Cette science peut posséder plusieurs aspects, car même si à partir du moment où l'on a quelque chose qui est, et qui sait qu'elle est, on peut la qualifier de consciente, il est nécessaire de distinguer une conscience « végétative » d'une conscience collective d'une conscience morale.
Car si la conscience végétative est la connaissance, plus précisément le reconnaissance de ses sensations et de leur sens, par exemple lorsque j'éprouve une sensation de faim, je sais que c'est moi qui ai faim et je reconnais cette sensation comme celle de la faim, je suis donc conscient de la faim. Cette conscience doit être différenciée de la conscience collective qui nous permet de saisir notre environnement, notre contexte historico-culturel. Cette dernière n'a quant à elle rien à voir avec la conscience dite « morale » qui est en quelque sorte un juge intérieur qui nous donne son avis subjectif sur tous nos actes et pensées.

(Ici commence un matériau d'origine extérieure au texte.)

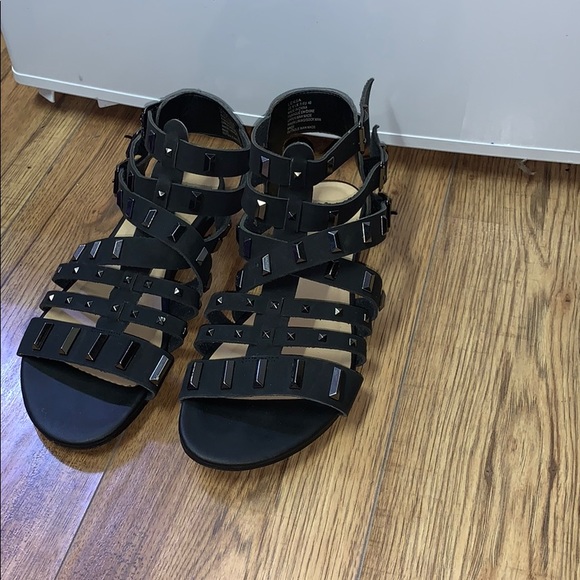 Black gladiator sandals - Picture 3 of 3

De cette dernière définition découle un certain nombre de devoirs, le devoir étant une inclination nous poussant à entreprendre certaines actions, au nom de principes formés par notre conscience collective ou morale. Il est important de distinguer la notion de de devoir de celle de la nécessité (du latin necessitas :ce qui ne peut pas ne pas être nous est imposé et absolu) : elle se rapproche plus d'une obligation déterministe que d'une obligation morale (sachant que le déterminisme est un enchaînement cyclique d'actions obligatoires à la continuité de la vie).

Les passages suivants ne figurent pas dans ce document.